An aspect possibly associated with such corruption is the flight of
capital from the country. Those making illegitimate or excessively large
windfall gains may need to evade the tax and/or other laws of the country.
The illicit transfer of wealth facilitates such evasion. Thus liberalisation
by making such transfers easier encourages capital flight. According
to a recent estimate by the Global Financial Integrity programme of
the Centre for International Policy, the money that had illicitly flown
out of India to accounts abroad over its post-Independence history stretching
from 1948 through 2008 was around $213 billion. The adjusted present
value of those historical flows has been placed at $462 billion or around
36 per cent of India's GDP in 2008. Interestingly, there are signs that
the outflow has increased substantially in recent years and that more
of the money is now moving to offshore financial centres. According
to the report that includes, Global Financial Integrity's estimate,
titled The Drivers and Dynamics of Illicit Financial Flows from India:
1948-2008, ''68 percent of India's aggregate illicit capital loss occurred
after India's economic reforms in 1991, indicating that deregulation
and trade liberalization actually contributed to/accelerated the transfer
of illicit money abroad.'' It is in this background that the source
of transfers needs to be discussed. Their timing, size and direction
in recent years suggest that corporate players are likely to be involved.

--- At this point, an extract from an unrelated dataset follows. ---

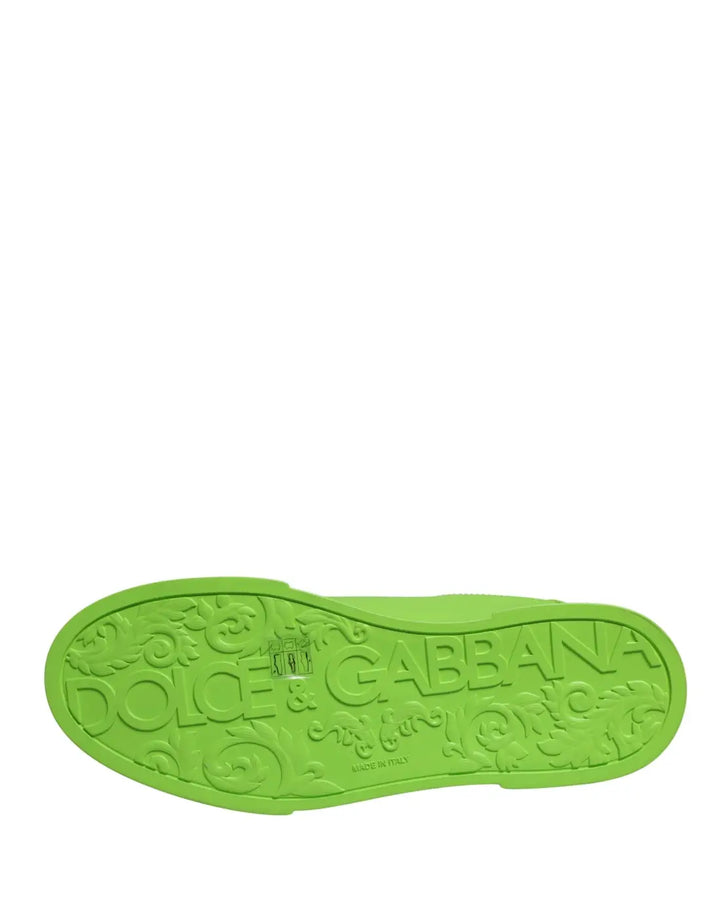 Dolce &amp; Gabbana Green Leather Portofino Low Top Sneakers Shoes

Thus, a feature of the new liberalised economic environment seems to
be that private players begin to look for ways in which state influence
can be exploited for quick and substantial economic gain, sometimes
at the expense of the state exchequer. A concomitant is an increase
in the instances of alleged corruption. While sectors like real estate
and mining are obvious examples of how this can occur, the number of
such instances is larger and more varied. But this feature of the new
environment tends to be missed. A sudden increase in the wealth of an
individual can be as much an indicator of business acumen as of the
misuse of power or the violation of law for profit. But in a world where
profit making and the accumulation of wealth is celebrated and rewarded,
where it is the ''bottom line'' that finally matters, unless circumstances
lead to the detection of fraud or a violation of the law, there is no
needle of suspicion when wealth is accumulated rapidly and in large
measure. An increase in the wealth of a private sector player is normally
seen as a virtue and a reflection of ''entrepreneurship'' and ''innovation''.

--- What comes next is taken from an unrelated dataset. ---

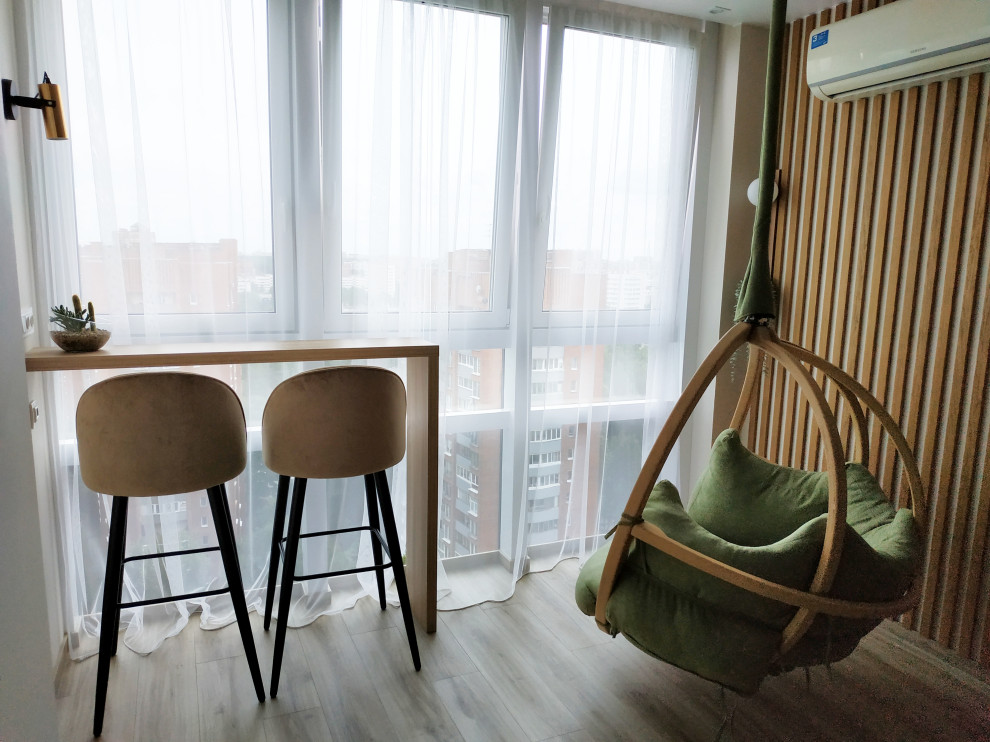 Экостиль с подвесным креслом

This does limit the degree to which the problem of corruption can be
addressed. If corruption tends to be embedded in the process of accumulation,
it is expected that it would be far more present than would otherwise
be the case. Whenever allegations of corruption emerge because of ''leaks''
possibly triggered by corporate or political rivalry, controversy ensues
and investigations begin, but little of significance results. The nature
and functioning of the law in the country is such that the investigations
drag on for such a long time that public attention wanes and is in any
case diverted to new instances of corruption. This makes the demand
for better ways of investigating and awarding punishment in proven cases
of corruption eminently sensible. But this alone would not do. What
is required is a change in the policy regime that legitimises the conversion
of the state into a site for the primitive accumulation of capital.
Also required is caution when celebrating evidence of quick and substantial
enrichment of sections of the private sector.